Any constructive criticism is welcome. 

http://youtu.be/OBsHT-hk1ks


----------



## Frubix (Jun 17, 2013)

Sounds good.
I'll watch the video


----------



## Username (Jun 17, 2013)

What would you do if you get 2 whites in the same tredge, but the white stickers are facing one up and one down?

Or if lets say all the right pieces are already facing the same way but not the rest, you can't insert anything in that case without braking it up


----------



## Mike Hughey (Jun 17, 2013)

Username said:


> What would you do if you get 2 whites in the same tredge, but the white stickers are facing one up and one down?


You push down the one that's facing down, but not the other one. The other one will then probably be carried into the side as you get the next one from the side. Worst case, at the end, you have to move your last edge to the side and then bring it back. Not many extra moves, and probably a rare case (although I'm not sure about that).

I have to say I really like this method; even if it proves to not be workable as an all-out speed method (I have no idea whether it will be or not), it's fun. I love the way it works. Thanks for sharing it.


----------



## ben1996123 (Jun 17, 2013)

Username said:


> What would you do if you get 2 whites in the same tredge, but the white stickers are facing one up and one down?
> 
> Or if lets say all the right pieces are already facing the same way but not the rest, you can't insert anything in that case without braking it up



push 1 down, flip edge, push other down

he does it in the video


----------



## Mike Hughey (Jun 17, 2013)

ben1996123 said:


> push 1 down, flip edge, push other down



Most of the time you can just ignore the other edge; like I said, it goes away when you insert the next one, then you insert it when you get to it. You don't actually have to perform a flip in most cases.

I've tried it several times now; it's really fun.


----------



## stevecho816 (Jun 17, 2013)

This method is really cool  Wonder how fast it could be on a 7x7.


----------



## AHornbaker (Jun 17, 2013)

Thanks! I'm suprised with the amount of attention it's gotten already. Now for a good name...



Username said:


> What would you do if you get 2 whites in the same tredge, but the white stickers are facing one up and one down?
> 
> Or if lets say all the right pieces are already facing the same way but not the rest, you can't insert anything in that case without braking it up



This is the only problem I encountered with the method, with a quick preliminary inspection you can probably fix it. Otherwise, it's not too hard of a fix.


----------



## Mike Hughey (Jun 17, 2013)

AHornbaker said:


> Thanks! I'm suprised with the amount of attention it's gotten already. Now for a good name...

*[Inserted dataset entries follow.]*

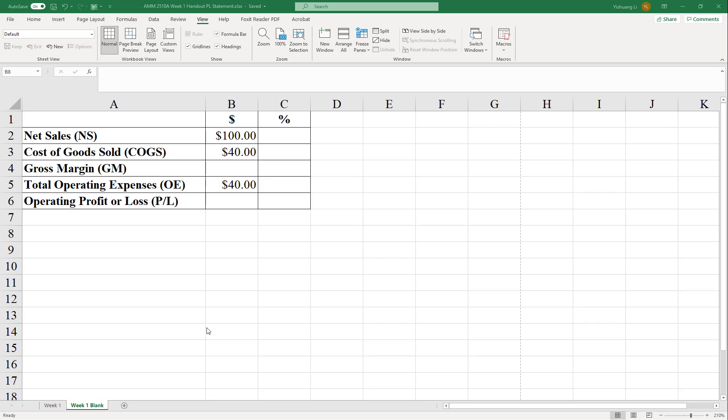We are trying to work out a profit loss statement. You see that I have a table with predefined numbers here. We are trying to find out what is the gross margin in dollars and what is the operating profit, or it could be a loss in dollars. And we are trying to find out the percentages here.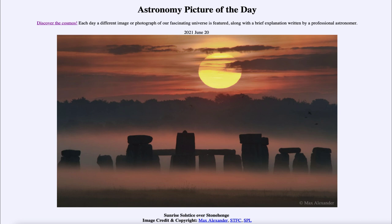Why do I qualify all this with phrases like 'it seems to align'? That's because we don't have any records of exactly what was intended by Stonehenge. When we go back to Stone Age monuments such as this one, there are no written records to tell us what the builders intended. So all we can do is study the remains that are left and look for patterns — though we don't know whether those patterns were actually intended by the builders, or if they just happened to be there by coincidence.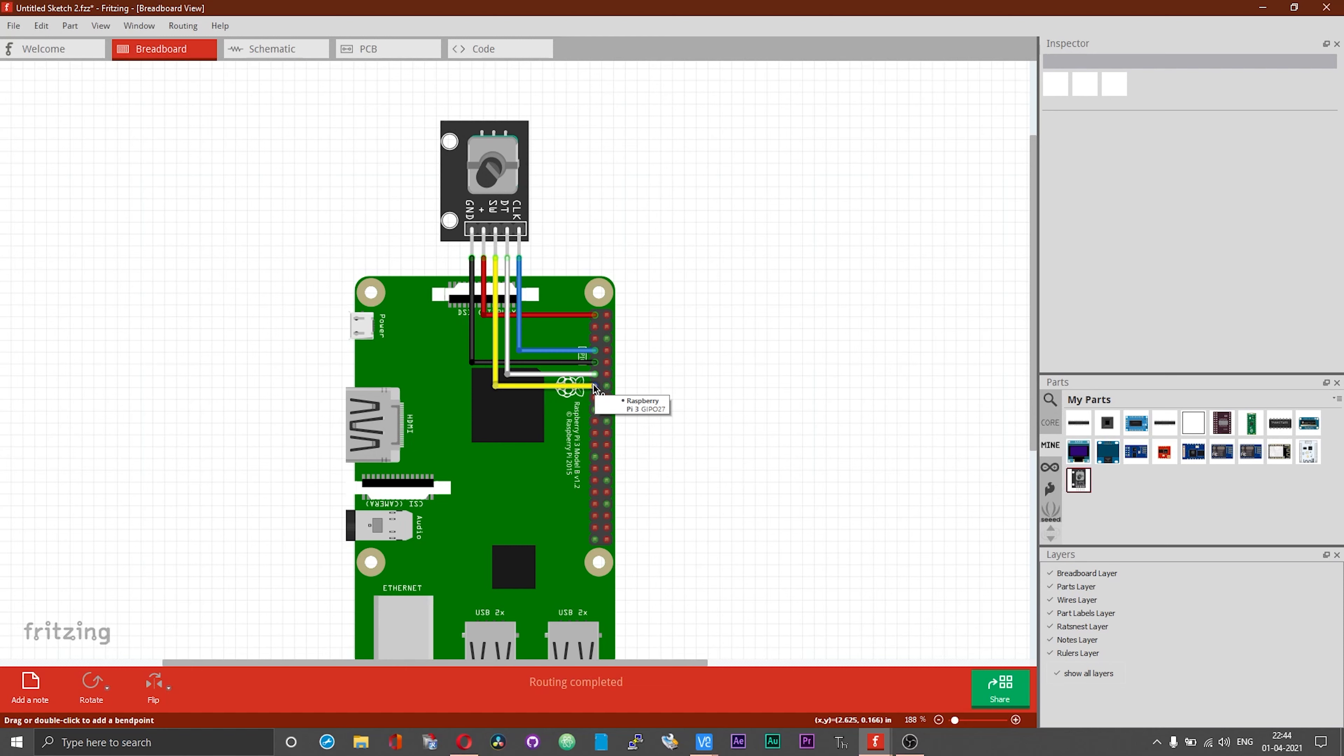Do please mind that these are GPIO numbers and not physical pin numbers. That is BCM GPIO numbers. These are a lot different from the physical pin numbers, so please do pay attention to that.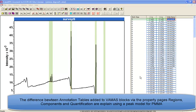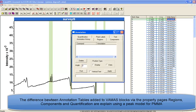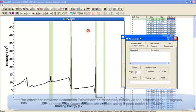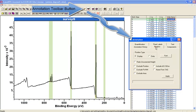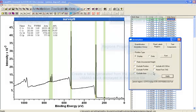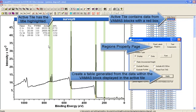Once regions have been defined on a survey spectrum, the annotation property page provides a method for creating a table which is displayed over the data. The data for this table are gathered from the quantification regions on the survey spectrum.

First thing that occurred to me...


----------



## Username (Jun 17, 2013)

I'm gonna start using this now while I'm still slow


----------



## Rubiksfreak (Jun 17, 2013)

Its a good method. It looks more like a beginners method than an advanced method though!


----------



## Mike Hughey (Jun 17, 2013)

Rubiksfreak said:


> Its a good method. It looks more like a beginners method than an advanced method though!



At the very least, it's definitely a viable beginner's method. I'm still terrible at it - almost no lookahead compared to what I should be doing (compounded with the fact that I'm TERRIBLE at last 4 edges, since I normally use AvG) - and yet I'm averaging sub-3 with it after just 10 timed solves. I probably average about 2:15 normally, so this speed really surprises me.

And it's SO easy to learn! Much easier than freeslice. I could easily teach my daughters this method in a few minutes. I definitely couldn't do that with freeslice. (The problem is, I would then have trouble teaching my daughters how to do last 4 edges, and that would be much harder.)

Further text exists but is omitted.